ECLI:NL:RBDHA:2024:2913
Rechtbank Den Haag
- Eerste aanleg - enkelvoudig
- Rechtspraak.nl
Niet-ontvankelijkheid beroep asielverzoek wegens ontbreken procesbelang na overdracht aan Duitsland
In deze zaak heeft de Rechtbank Den Haag op 5 maart 2024 uitspraak gedaan in een bestuursrechtelijke procedure tussen een eiser en de staatssecretaris van Justitie en Veiligheid. De eiser was overgedragen aan Duitsland, omdat Duitsland verantwoordelijk was voor de behandeling van zijn asielverzoek. De rechtbank heeft vastgesteld dat de eiser en zijn gemachtigde niet verschenen op de zitting van 20 februari 2024, ondanks dat zij hiervan op de hoogte waren gesteld. De gemachtigde van de eiser heeft op 15 februari 2024 laten weten dat er sinds de overdracht op 29 januari 2024 geen contact meer was geweest met de eiser.
De rechtbank heeft vervolgens overwogen of de eiser nog procesbelang had, gezien het ontbreken van contact met zijn gemachtigde.

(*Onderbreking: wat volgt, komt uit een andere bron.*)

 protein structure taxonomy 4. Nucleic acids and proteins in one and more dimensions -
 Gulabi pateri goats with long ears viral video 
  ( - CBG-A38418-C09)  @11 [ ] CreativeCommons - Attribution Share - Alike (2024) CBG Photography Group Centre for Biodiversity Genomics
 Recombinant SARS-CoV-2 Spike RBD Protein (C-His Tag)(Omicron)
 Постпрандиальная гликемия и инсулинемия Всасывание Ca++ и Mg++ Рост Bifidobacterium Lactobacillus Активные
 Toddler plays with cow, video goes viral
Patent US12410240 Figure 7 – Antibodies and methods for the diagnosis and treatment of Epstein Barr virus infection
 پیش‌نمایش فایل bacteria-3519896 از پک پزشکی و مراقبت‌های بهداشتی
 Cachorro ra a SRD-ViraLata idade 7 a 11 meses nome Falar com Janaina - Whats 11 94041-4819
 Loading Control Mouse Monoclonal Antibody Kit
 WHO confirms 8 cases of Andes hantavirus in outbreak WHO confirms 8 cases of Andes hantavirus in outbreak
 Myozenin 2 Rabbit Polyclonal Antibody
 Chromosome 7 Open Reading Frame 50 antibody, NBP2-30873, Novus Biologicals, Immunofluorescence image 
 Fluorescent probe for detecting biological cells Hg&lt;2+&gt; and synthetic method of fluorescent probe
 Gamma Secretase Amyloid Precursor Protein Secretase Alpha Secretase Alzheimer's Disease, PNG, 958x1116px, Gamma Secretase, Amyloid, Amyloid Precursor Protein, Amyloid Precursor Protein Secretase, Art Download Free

De rechtbank concludeert dat de eiser kennelijk geen prijs meer stelt op de inhoudelijke behandeling van zijn beroep, wat leidt tot de conclusie dat het beroep niet-ontvankelijk is. De rechtbank heeft geen aanleiding gezien voor een proceskostenveroordeling. De uitspraak is gedaan door mr. C.W. Griffioen, rechter, in aanwezigheid van mr. J.R. Froma, griffier, en is openbaar uitgesproken.
De eiser heeft de mogelijkheid om binnen een week na de verzending van de uitspraak een beroepschrift in te dienen bij de Afdeling bestuursrechtspraak van de Raad van State, indien hij het niet eens is met deze uitspraak.